Il survit peu de traces, dans l’Inde, de la vieille civilisation bouddhiste[1]. D’ailleurs, le bouddhisme pur, véritable, n’existe plus nulle part. L’Inde, après l’avoir enfanté, l’a rejeté, comme une maladie sublime ; le Népaul, la Chine, le Thibet, la Sibérie, Ceylan, en ont fait la plus idolâtrique des superstitions[2].

Le bouddhisme, en tant que métaphysique positiviste, conçoit le monde comme une suite de phénomènes et la douleur comme le fruit naturel et empoisonné de la vie ; ce phénoménalisme et ce pessimisme ont émigré dans la philosophie allemande moderne et se sont en quelque sorte réfugiés dans notre science européenne qui adopte devant le problème de la vie des conclusions semblables à celles de Gautama.

L’amour du néant, le goût de l’ensevelissement éternel ou plutôt de la dispersion dans la Matière et dans la Force, n’appartiennent pas exclusivement au bouddhisme ; ce sont des manifestations intrinsèques à cette Inde, trop favorisée, trop prodigue qui, n’ayant pas besoin de l’effort pour jouir, l’a fatalement sacrifié au repos. Le shivaïsme, mysticisme nihiliste, a précédé le bouddhisme, son rejeton, et lui a ici survécu.

Quant à la croyance à l’égalité des êtres, quant à la charité pour tous, ces vertus sont arrivées à leur forme pratique, à leur expression raisonnable dans la morale chrétienne.

Le bouddhisme (j’entends par là les idées fondamentales de Gautama Bouddha, non pas l’idolâtrie et le fétichisme qui se sont affublés de ce nom) est bien mort, bien mort avec son fondateur ; il a réalisé pour lui-même sa théorie ; il s’est dispersé ; il est entré dans le nirvana véritable, le seul admissible : la renaissance sous des aspects meilleurs dans l’éternelle évolution de la nature et des idées.

Açoka fut un grand prince, magnifique et bienfaisant. Ainsi il correspond à notre plus belle vision de l’Inde antique.

En effet, ceux qui pensent et aiment dans notre Occident brutal, pratique et desséché, ont tendu leur cerveau et leur cœur vers les jungles méditatives et vers les ruines d’âme plus encore que vers les ruines de marbre. Nous avons soif également d’idéal et de bonté ; Bouddha la Doctrine n’est rien sans Açoka, l’Acte. L’un complète l’autre. Tous deux s’achèvent dans une plus-value de l’homme et forment les assises « naturelles » de la religion. L’idéal inactif devient la chimère inattingible et menteuse qui épuise les forces, précipite au désenchantement et à l’égoïsme impuissant. La bonté, quand elle est héroïque, quand elle provient d’un effort et non d’une lassitude, c’est l’énergie renouvelée par son plus chaleureux exercice, la réverbération de l’idéal dans l’effort, la perfection qui s’approche, et que l’on n’étreint jamais pour la plus grande gloire de notre nature ; car mériter est plus beau qu’avoir reçu.

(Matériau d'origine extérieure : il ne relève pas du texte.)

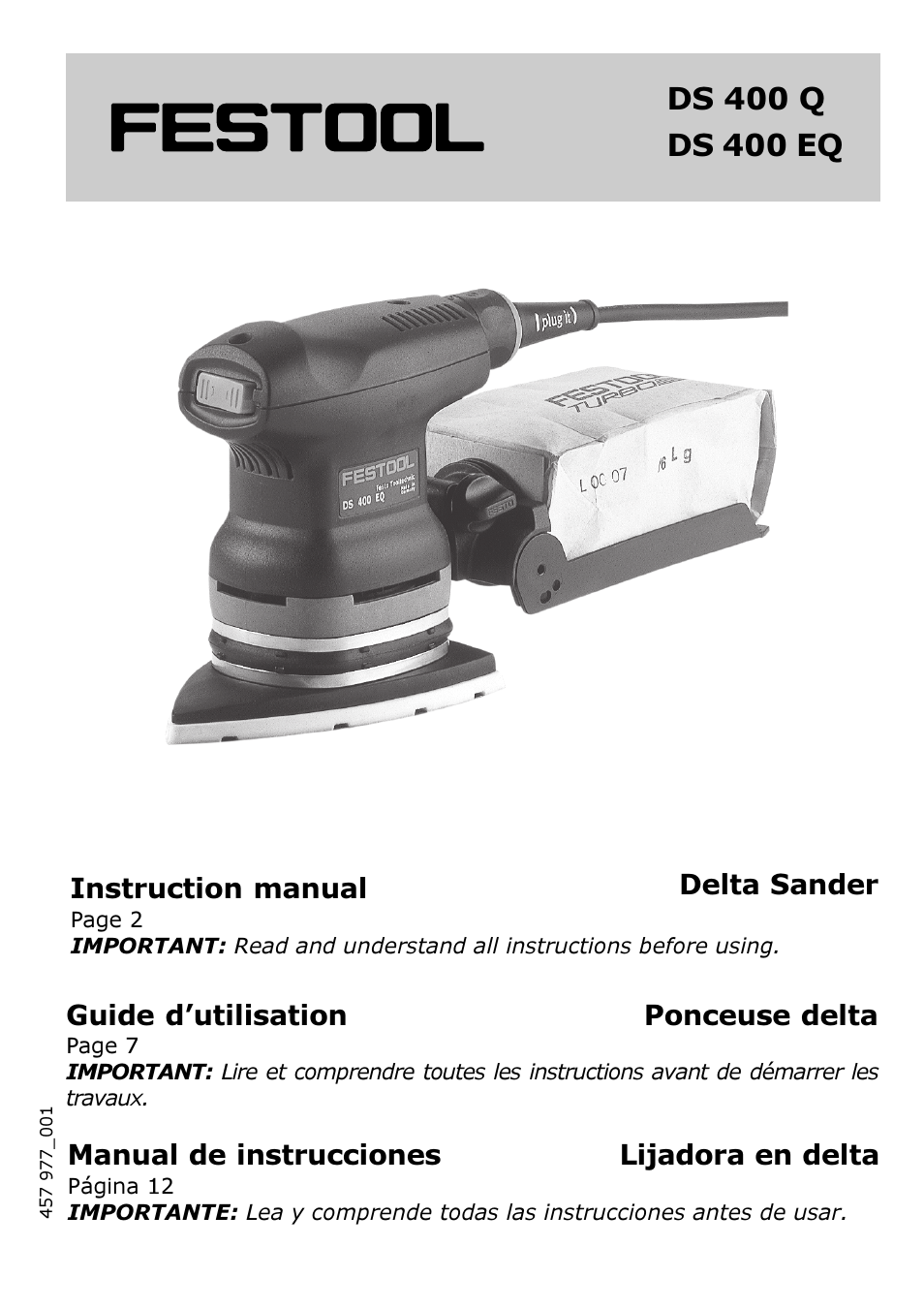 Festool DS 400 Q User Manual | 16 pages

Aussi, moi dont la sensibilité chrétienne a souffert de l’orgie sanglante à Kali-Gath et s’est attristée aux désespérances irrévocables des solitaires de Bénarès se ruant au suicide spirituel, j’ai apaisé ma nostalgie d’errant, toujours déçu par les magnificences de la superstition ou de la guerre, devant ce symbole de miséricorde, la Colonne du Napoléon de la Paix.

IV

Delhi est innombrable.

La destinée, de certaines villes est d’être ravagées, détruites, reconstruites. Delhi est de celles-là. Située sur les bords de la Jumna, au point de jonction des routes commerciales qui relient aux riches provinces du Rajputana, les plateaux de l’Afghanistan et de l’Asie centrale, elle s’offre comme une proie enviable à tous les conquérants.

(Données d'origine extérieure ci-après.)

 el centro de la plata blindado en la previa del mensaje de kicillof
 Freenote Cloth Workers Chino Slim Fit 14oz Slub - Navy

Mohammed, un Afghan de Ghor, la prit en 1193 ; Tamerlan, le Mongol, la saccagea deux siècles plus tard ; Nadir-Shah, le Persan, lui vola en 1739, entre autres merveilles, le, fameux « trône des paons » qu’au dix-septième siècle Tavernier, le voyageur français ; (il devait s’y connaître, étant lui-même orfèvre), estimait à 150 millions de francs. Ahmedr Shah-Durani, un autre Afghan, l’envahit en 1756 ; trois ams après, les Marathes s’y établirent. Et, c’est à eux que le général Lake l’arracha en 1803 pour en faire une cité anglo-indienne, dont le souverain indigène ne fut plus, désormais, que nominal et simple pensionnaire de la Grande-Bretagne…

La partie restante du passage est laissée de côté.